• _Task brief_
Give back, exactly as written, the lines of the listing from the top through the line holding "TRADITIONAL TATTOO ART", and nothing more. Exclude pictures.

------ Data supplied

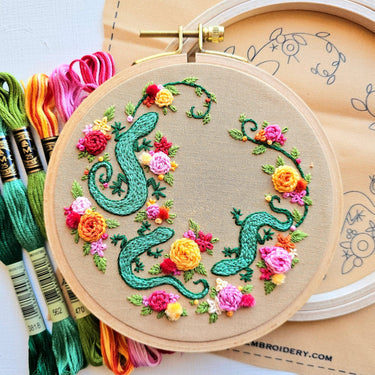 Translation missing: en.Backyard Geckos Embroidery Kit by Jessica Long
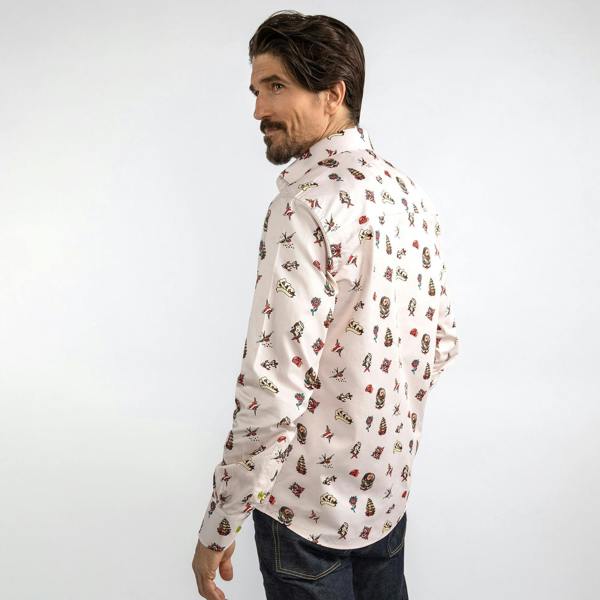 TRADITIONAL TATTOO ART PRINT SHIRT - Premium Men's Patterned Shirt by Claudio Lugli | Bold Design, Tailored Fit, Best Printed Shirts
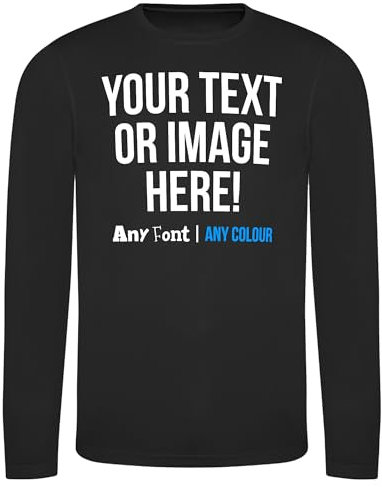 Custom Mens Long Sleeve Polyester T Shirt Personalised Any Text Image Logo Activwear Sports Performance Gym Workwear Long Sleeved Tee, XXL, Black
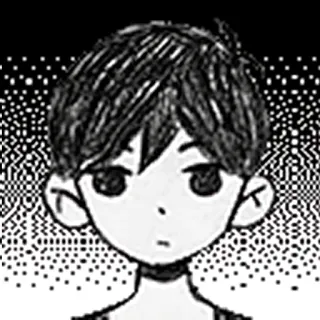😐 Omori jeu vidéo, anime, noir et blanc, impassible, jeu indépendant telegram sticker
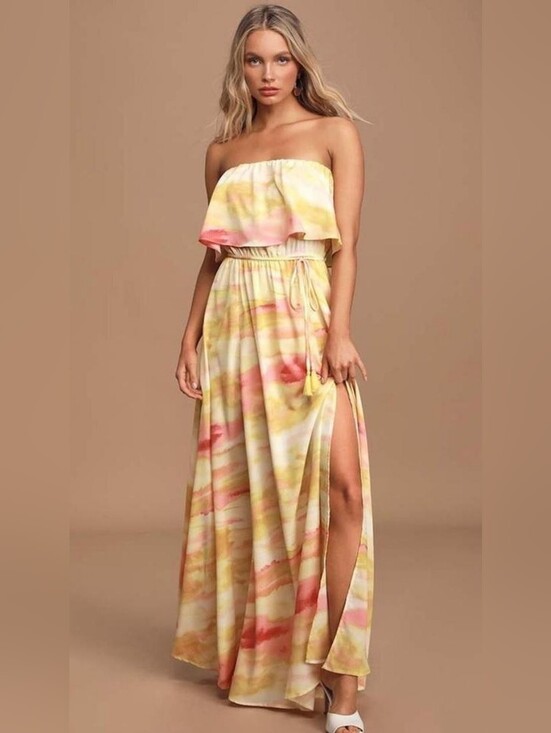 Lulus Dresses & Skirts - Lulu's Full Of Sunshine Strapless Watercolor Maxi Dress in Yellow & Pink Size M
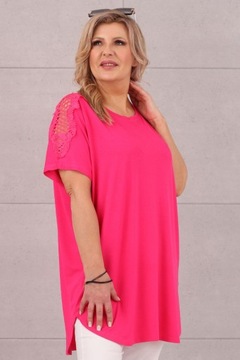 BAWEŁNIANA BLUZKA OVERSIZE TSHIRT Z KRÓTKIM RĘKAWEM LETNIA LUŹNA PLUS SIZE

------------

• _Result below_
 Translation missing: en.Backyard Geckos Embroidery Kit by Jessica Long
 TRADITIONAL TATTOO ART PRINT SHIRT - Premium Men's Patterned Shirt by Claudio Lugli | Bold Design, Tailored Fit, Best Printed Shirts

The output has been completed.